The question naturally arises of whether these two axes really are independent. That is, is there something about the nature of making your arguments through characters vs. through the world that makes the story inherently exploratory or persuasive? Are arguments made by characters inherently exploratory, and arguments made by the world inherently persuasive? I want to say “No” and move on, but there’s this matter of authorial intent and distance that I’m having a hard time getting past.
When the argument is made purely with characters, there’s a certain distance between the author and the arguments. Hannibal Lecter can sound very intelligent, but due to the content of his character, I doubt readers think that Thomas Harris himself believes anything Lecter says. The context instead causes villains’ arguments to become a sort of challenge: “These claims can’t be true… but can you disprove them?” It adds tension at a meta-level, tension between the reader and the book.

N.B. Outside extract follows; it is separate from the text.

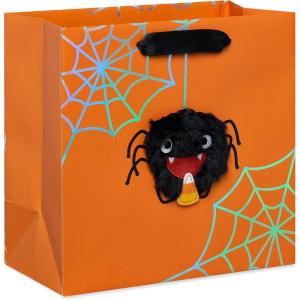 Papyrus Ghost 7″ Medium Bag, White, Orange, Black with Metallic Foil, Embossing and Satin Ribbon Handles – Perfect for Hard to Wrap Gifts, Unique Party Displays and More(Spider)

Because of that distance, though, I think that there’s a sense that arguments made purely through what the characters say and do (even in 1st person perspective stories) are more inherently exploratory, that it’s harder to divine what the author really thinks from this sort of presentation. Call it plausible deniability, or the fictional equivalent of constantly saying “One could argue that…” Conversely, I think there’s a sense of Freudian slip to world-building, that the author is somehow making more subconscious decisions there, and so arguments made in that way are more visceral.
I think, though, that this is only tendency, and doesn’t actually reflect a deeper connection between the axes. Back in To Build A Fire, London is making the opposite argument that the character is. The character thinks he’s just fine out there, that all he needs to do is be prudent, and he acts accordingly. In fact, if you were to go through that story and strip out the lines with the character talking to himself, you’d still be left with London’s argument — but it would be less clear for lack of the contrast. It would basically just be some dude in the woods. That might be an interesting writing exercise, actually. (In some ways, that story contains not so much an argument as a counter-argument: The character explains one point of view, and the story demonstrates that it is wrong.)
Still, I’m not entirely sure that I can back up that statement that this is tendency only, so I’m going to punt the question for now. Do you have any thoughts on the subject, dear reader?
Having established what I hope will be a useful vocabulary for discussing the kinds of arguments found in stories, I now want to get into the arguments themselves. In the next part, I’m going to talk about the concept of stasis, the point of disagreement where an argument lies. (I’m not sure yet whether that post will be in one part or two)
2 thoughts on “I’m Here For an Argument, Part 3”
I think any of those four stories can exist, and which sort the story is will have as much to do with the reader as with the actual content of the story or what the author intended. If characters couldn’t make persuasive arguments, why would so many authors have to point out that the thoughts of the characters are not necessarily the thoughts of the authors themselves? Clearly that wasn’t the argument the author wanted the reader to take away, it wasn’t meant to be persuasive, but it was anyway. Or to go back to your Atlas Shrugged example from an earlier post – that world was definitely persuasive, but so were the characters. There’s not really anything exploratory about any of Rand’s work – she knew her answers and she wanted to make sure her readers knew them too.
On the flip side, there are definitely stories where the world is just exploratory, or at least only meant to be. I think one of the most famous examples would have to be Starship Troopers. Hienlien’s been getting flack for being a fascist ever since, but he set up that world just to give his characters a reason to join the military so he could explore military relationships. Thus, and exploratory world read as persuasive. Lots of post-apocalyptic literature have exploratory worlds too, giving characters the room to find their own arguments as they cope with that world.
One thing that I sort of left up in the air is that in stories where the world is enlisted in making the argument, the characters often are part of that. It sort of ruins my dichotomy, I suppose, but my gut says that they’re used differently. I should think about that.
(And how could I have forgotten Heinlein! I should reread some of his stuff for the blog posts coming up.)